Com a maior naturalidade, Portugal está a regressar ao modelo de acumulação de riqueza que melhor conhece e que tão bem serviu os interesses da burguesia nacional durante grande parte do século passado. O poder e o dinheiro estão na banca e no betão. Com a provável excepção do Luxemburgo, onde os serviços financeiros são praticamente a única indústria nacional, em nenhum outro país da zona euro o sector bancário detém uma tal influência na vida doméstica, tanto pública como privada. A sua prima directa, a fileira do imobiliário, adquiriu igual estatuto à custa de trabalho árduo e capacidade inovadora nas especialidades PDM e engenharia criativa, transformando-se numa best practice mundial. Hoje, a margem de intermediação e o metro quadrado urbanizável são as verdadeiras unidades de medida do sucesso nos negócios.

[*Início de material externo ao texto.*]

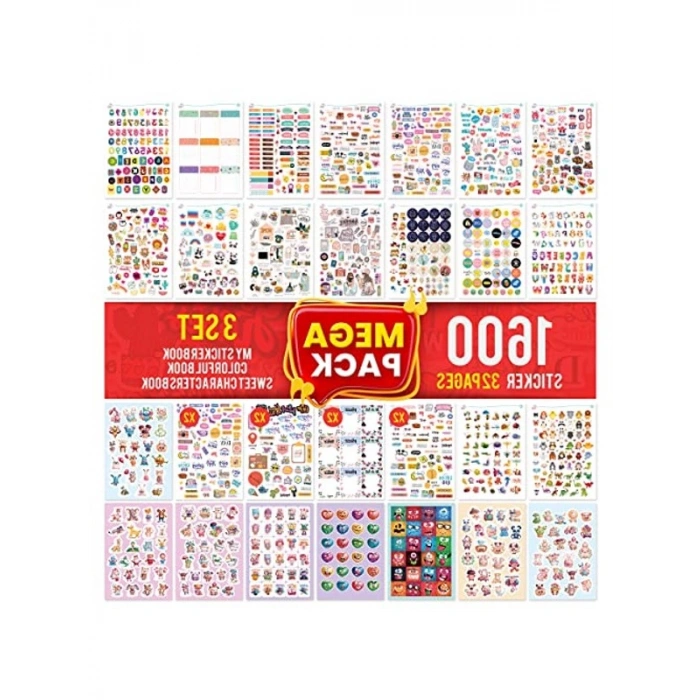 Mega Sticker Seti, Scrapbook ve Günlük Dekorasyon için 1600 Adet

Não surpreende, pois, que os lucros da banca continuem a bater recordes sucessivos - no primeiro trimestre do corrente ano, os quatro grandes bancos privados registaram um crescimento homólogo dos lucros superior a 40 por cento - e que o preço do metro quadrado de luxo, em planta, tenha já ultrapassado (nalguns casos, largamente) os cinco mil euros, num movimento imparável de aproximação aos padrões das economias mais caras do planeta. Enquanto isso, na generalidade dos sectores da economia real as margens não param de diminuir e as perspectivas de sobrevivência a estreitarem-se.

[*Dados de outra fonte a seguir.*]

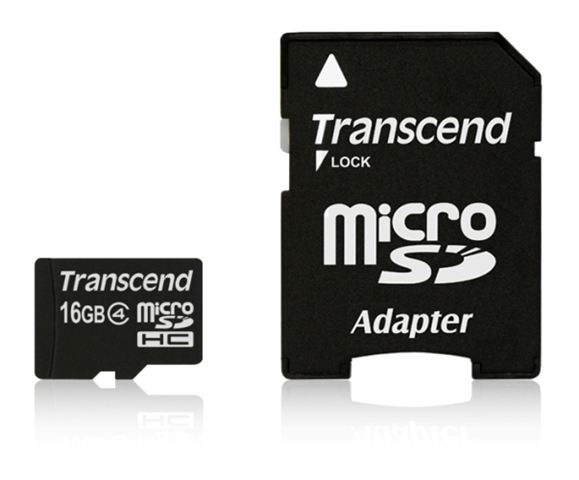 MICRO SD 16GB TRANSCEND + SD adapter TS16GUSDHC4 - Micro SD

Alguns defendem que esta divergência não está minimamente correlacionada nem é necessariamente perversa; pelo contrário, ficar-se-ia a dever, no caso da banca, ao seu superior desempenho técnico e à sua reconhecida eficiência operacional, alegadamente ao nível das melhores práticas internacionais. O que equivale a dizer que a banca teria sido especialmente dinâmica e competente na gestão dos seus recursos, ao contrário dos restantes sectores de actividade. O poder de influência de que dispõe na sociedade portuguesa não seria, assim, mais do que a consequência natural da sua condição de superioridade. Esta simpática leitura da ascensão da banca portuguesa aos céus verde-rubros não resiste, porém, aos argumentos certeiros dos mais cépticos, entre os quais os consumidores. Olhemo-los de perto.

Com tanta modernidade tecnológica, tanta eficiência operacional, como se explica que uma transferência inter-bancária chegue a demorar mais de oito dias a ser creditada na conta do beneficiário? Com tanta concorrencialidade e sentido de satisfação do cliente, como se pode aceitar que a banca pratique generalizadamente taxas de juro superiores a 20 por cento no crédito pessoal (nos cartões de crédito, por exemplo)? Se isto não é usura, o que é usura? Quem cuida da regulação do mercado no interesse dos consumidores?

Na área corporate, as dúvidas sobre a bondade da actuação do sector financeiro são de outra natureza. É sabido que a banca de investimentos está para a economia real como os "empresários" do futebol estão para os clubes. Facilitadores legítimos de todo o tipo de transacções, beneficiários na compra como na venda, estes agentes incorporaram na sua filosofia de actuação o princípio mais abstracto da moderna economia de mercado - o valor accionista. Acontece que as dúbias teorias do valor degeneraram na procura obsessiva de mais-valias. No léxico dos intermediários, uma boa operação não é aquela que é susceptível de produzir riqueza no longo prazo, mas sim a que permite a obtenção de ganhos instantâneos - a tal "valorização accionista", na versão banca de investimentos e agentes equiparados - em transacções onde os interesses societários são frequentemente ultrapassados por interesses pessoais, tão duvidosos quanto compensadores. E assim se vai conquistando mais e mais poder.

Como é óbvio, o raciocínio da superior eficiência comparada não é aplicável à fileira imobiliária, onde os indicadores do sector da construção civil estão ao nível dos do Sri Lanka. Aqui, a razão nuclear do sucesso é outra - o supremo talento dos actores na criação de valor a montante e a jusante da cadeia de valor. Afinal, tudo aquilo por que nos batemos para o conjunto da economia portuguesa. E se fôssemos todos aprender com os empreiteiros?